To qualify that statement: it’s their least annoying album. The Pigeon Detectives formula has barely changed, although there’s a little more reverb. But the performance is slightly more palatable – singer Matt Bowman has toned down his hapless-young-man schtick, for start, which is only a good thing. “I don’t want to hold your gaze/ ’Cause it would only make me fall in love with you’ is a Shakespearean sonnet compared to a lot of his previous efforts, and makes a decent if one-dimensional chorus for Hold Your Gaze. Some of the improvements are more incidental: years of playing have obviously improved the band’s ability simply to play, and their songs – always so ephemeral sounding, so barely-there – feel of greater weight than on previous efforts.
It’s interesting that this is a result of a deliberate decision on the part of the band to try and capture their live sound on record. Strong live performances were always something The Pigeon Detectives had a reputation for. The Enemy beat them to a Best Live Band NME award in 2007, but comments on their YouTube videos attest to their live prowess. Apparently, most of the album was recorded as live takes, and mistakes have, on the whole, been left in. To the band’s credit, you can’t hear many.
To be sure, We Met At Sea is immediate, as Pigeon Detectives records always were. That was pretty much their only charm.
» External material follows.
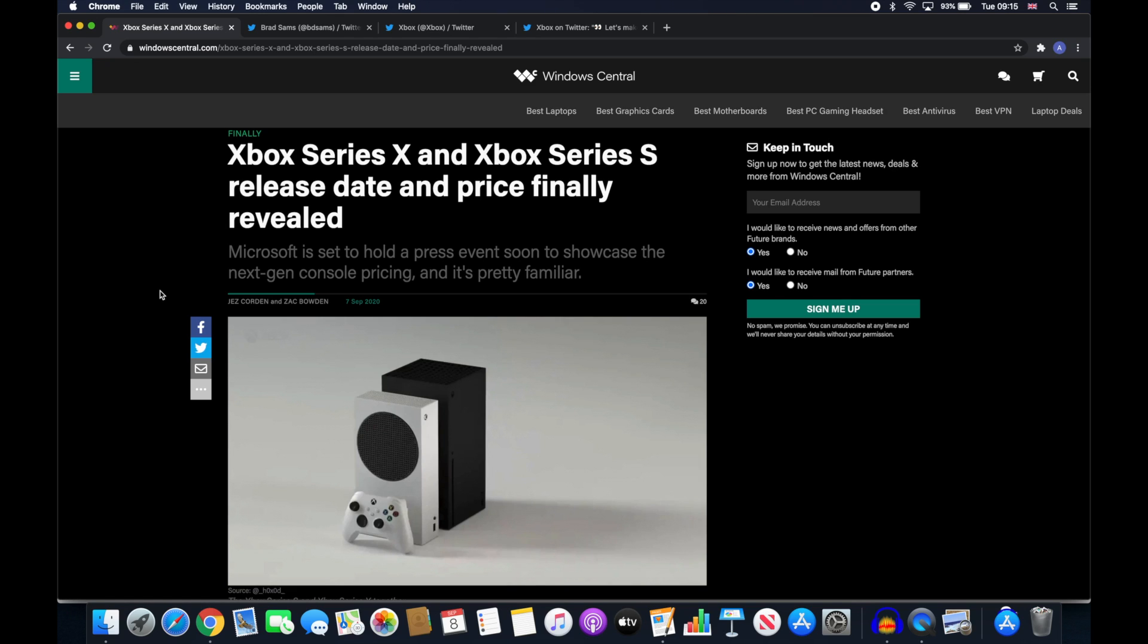Alright so it's been a crazy couple of hours with multiple leaks showing pictures of the reported Xbox Series S which up until now Microsoft had been fairly quiet about. But things started to heat up when a YouTuber called Brad Sams put out on his Twitter an image of the supposed Xbox Series S and the price.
What’s new is solidity – admittedly, there’s only about as much muscle on this record as you can fit into a pair of torn drainpipe jeans, but it’s more than there ever was before. Songs like Animal and I Won’t Come Back have a real physicality to them. The Pigeon Detectives used to sound like the hapless lads at the back of the pub consistently failing to catch the barmaid’s eye. These days they sound more confident – you can actually imagine them talking to the girls they sing about without blushing.
However, despite the positive changes, this is an album pretty certainly doomed to obscurity. Whatever chart placing it receives, it won’t be high. The Pigeon Detectives are very much a band of their era, and their era was over, or at least on its way out, about six years ago. So while this is a solid effort – and a more solid one than anything they’ve put together before – it’s not likely to set the world, or the charts, on fire.